#### Requirement:
Omit the images and retype the records verbatim.

Data for review Start Marker

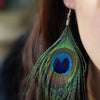 Hera Peacock Feather Earrings - Large, elegant peacock feather earrings suspended from a simple, low-allergy steel french hook.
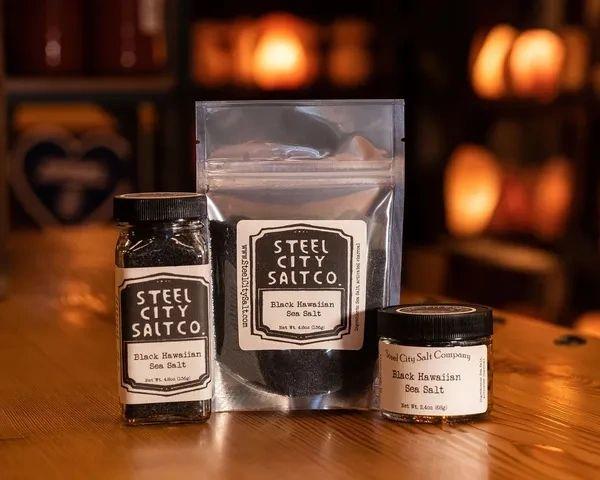Three containers of Black Hawaiian Sea Salt are on a wooden surface with warm lighting: a glass jar, a resealable bag, and a small tin.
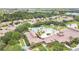 An aerial view shows the community pool area with an array of lounge chairs and a bocce ball court at 163 Shell Falls Dr, Apollo Beach, FL 33572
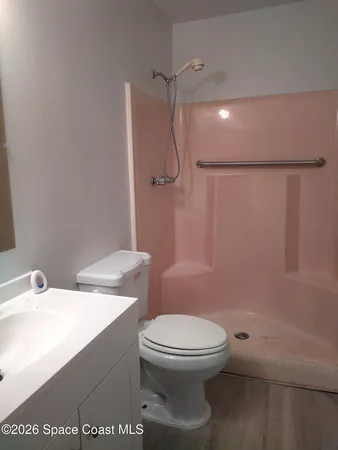 a bathroom with a toilet a sink and shower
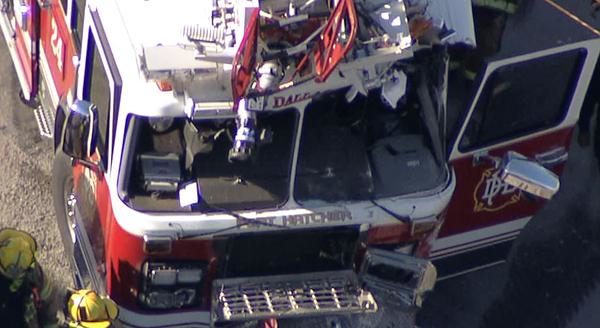 The ladder truck was en route to a fire when it collided with a cement truck.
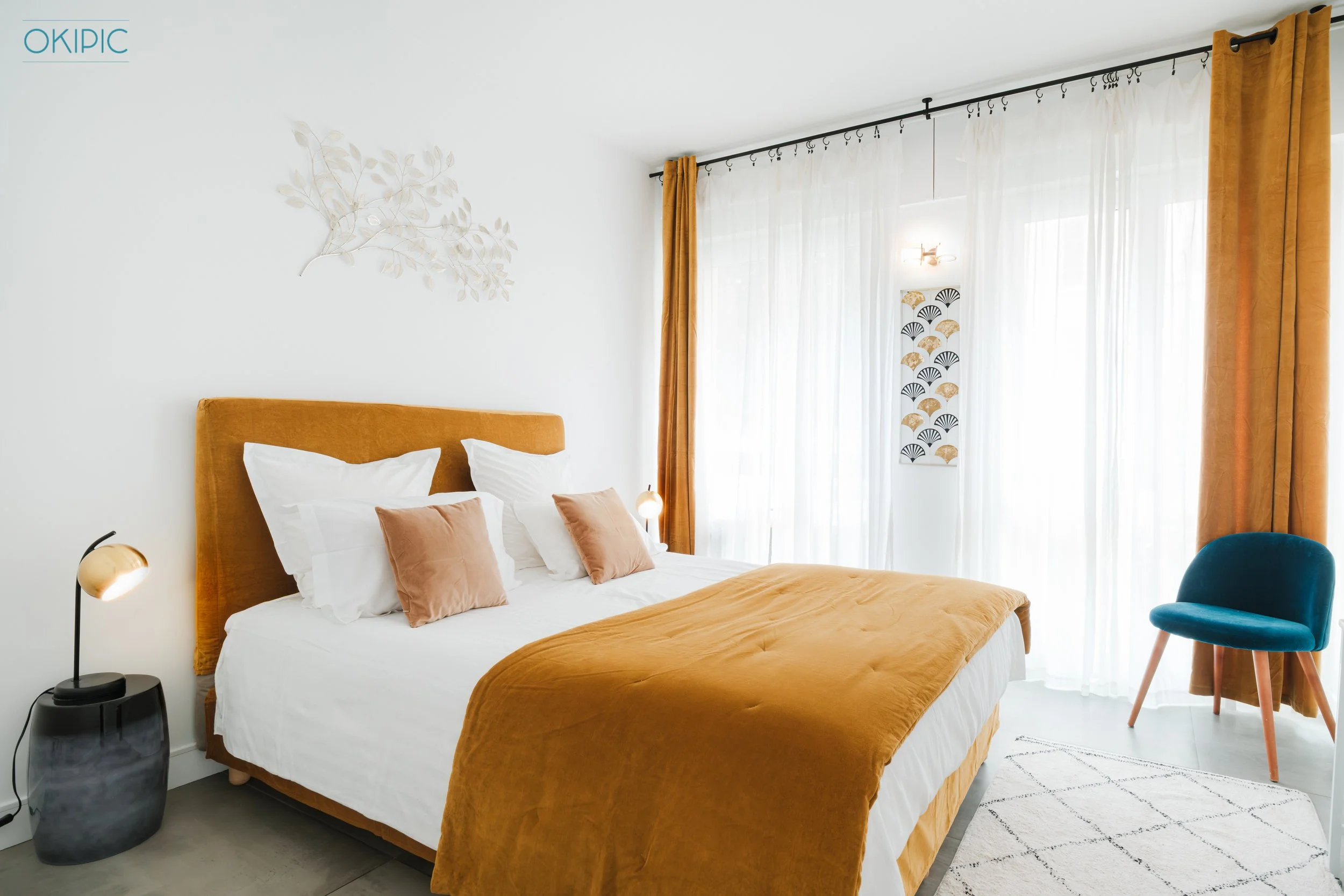 Sunny, stylish bedroom (2) with plush bed, gold accents, and sheer drapes.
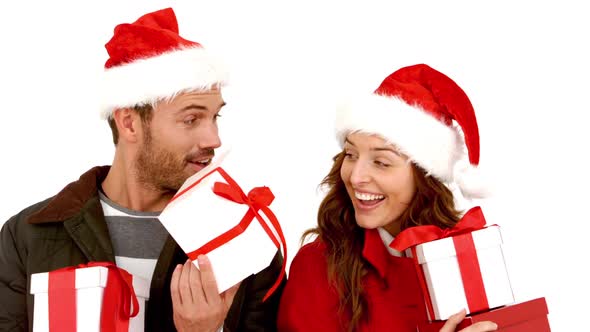 Attractive young couple wearing santa hats with gift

Data for review End Marker

#### Problem solution:
 Hera Peacock Feather Earrings - Large, elegant peacock feather earrings suspended from a simple, low-allergy steel french hook.
Three containers of Black Hawaiian Sea Salt are on a wooden surface with warm lighting: a glass jar, a resealable bag, and a small tin.
 An aerial view shows the community pool area with an array of lounge chairs and a bocce ball court at 163 Shell Falls Dr, Apollo Beach, FL 33572
 a bathroom with a toilet a sink and shower
 The ladder truck was en route to a fire when it collided with a cement truck.
 Sunny, stylish bedroom (2) with plush bed, gold accents, and sheer drapes.
 Attractive young couple wearing santa hats with gift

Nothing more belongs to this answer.